**EXERCISE**
Give back, exactly as written, the lines of the listing from the top through the line holding "Vila Shigar Livin", and nothing more. Exclude pictures.

**EXERCISE MATERIALS**
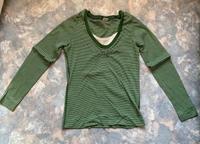Longarmshirt Shirt langamshirt Esprit gr. M grün weiß Hessen - Neustadt Vorschau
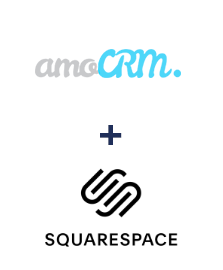 Інтеграція AmoCRM та Squarespace Інтеграція AmoCRM та Squarespace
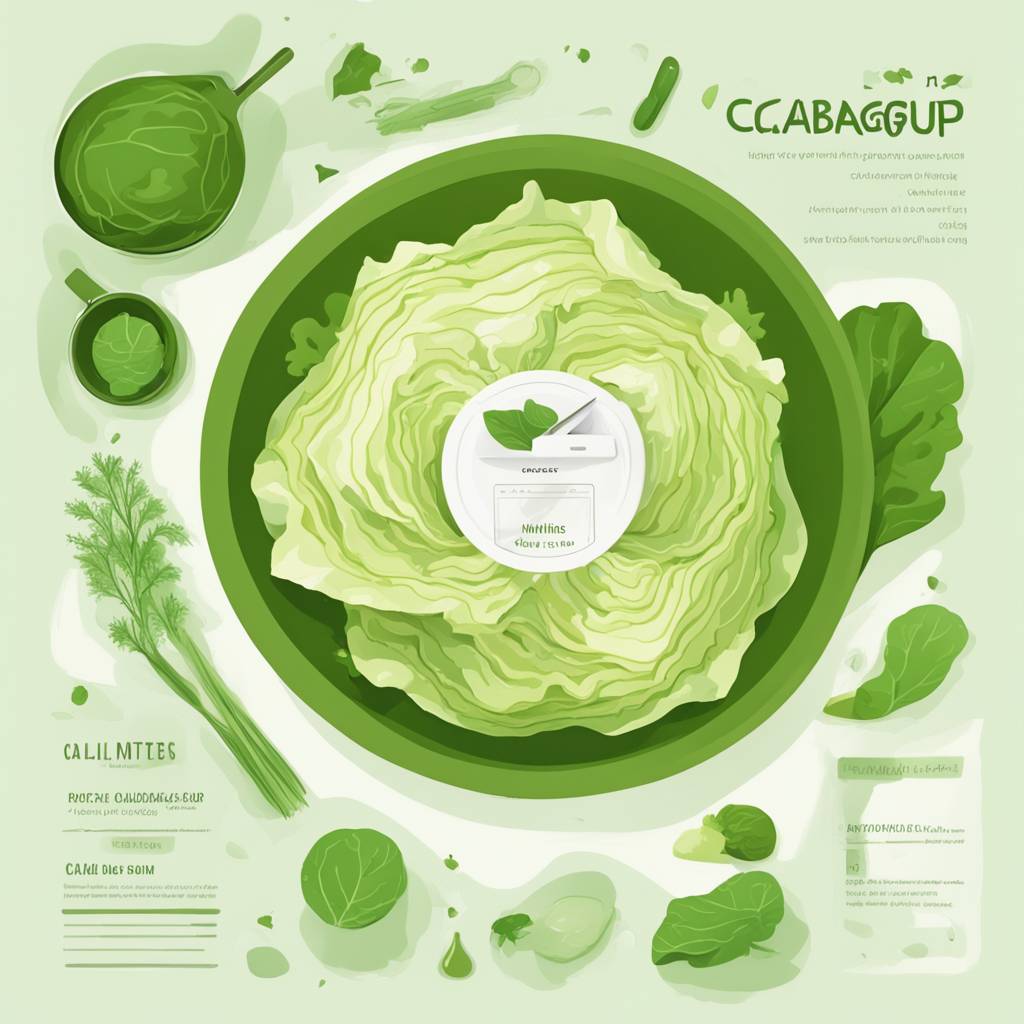 Recipe for Delicious Cabbage Soup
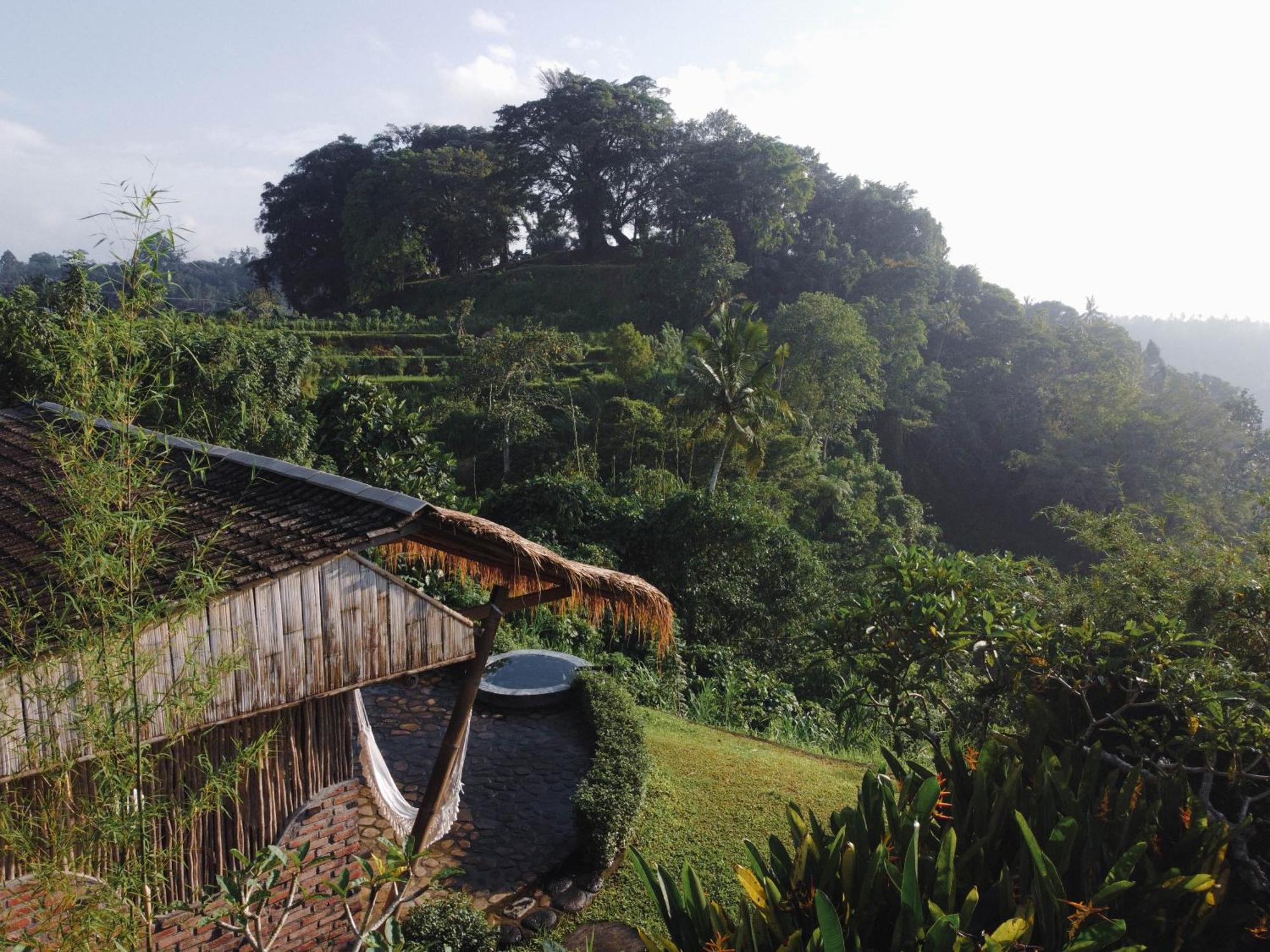 Vila Shigar Livin Bali Sidemen  Exteriér fotografie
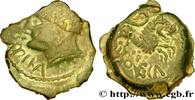 FRANCE Bronze ROVECA, classe IV GALLIA BELGICA - MELDI (Area of Meaux) c. 60-40 AC. (20mm, 5,04g, 2h) -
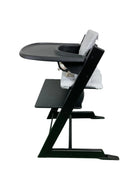 Shop Stokke Tripp Trapp Complete High Chair, Black, Nordic Grey at GoodBuy Gear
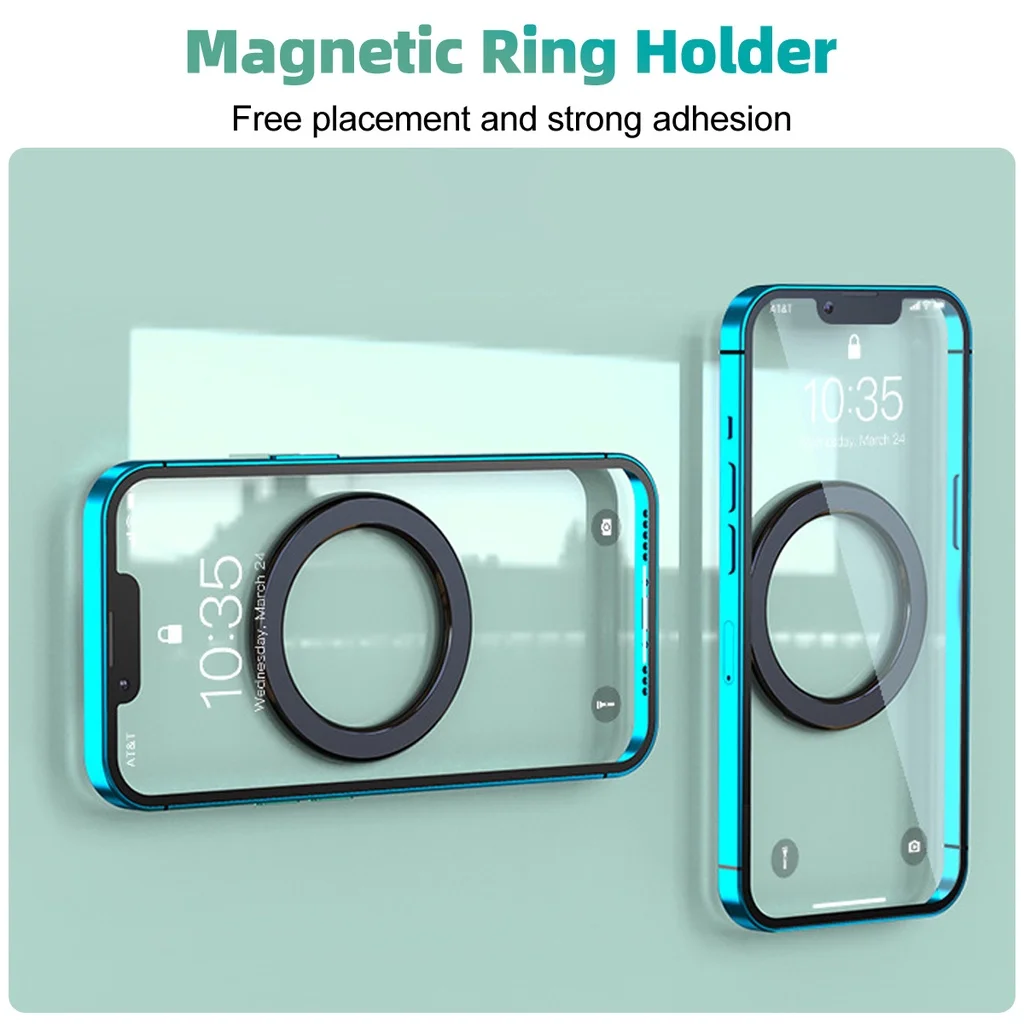 For MagSafe Magnetic Ring Hold - Car Phone Holder Magnetic ulasan dan harga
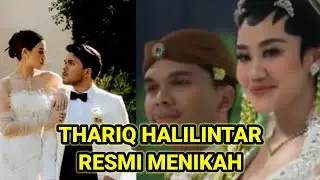 Akad Nik4h Thoriq Halilintar  Dengan Aaliyah Massaid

**WRITTEN SOLUTION**
Longarmshirt Shirt langamshirt Esprit gr. M grün weiß Hessen - Neustadt Vorschau
 Інтеграція AmoCRM та Squarespace Інтеграція AmoCRM та Squarespace
 Recipe for Delicious Cabbage Soup
 Vila Shigar Livin Bali Sidemen  Exteriér fotografie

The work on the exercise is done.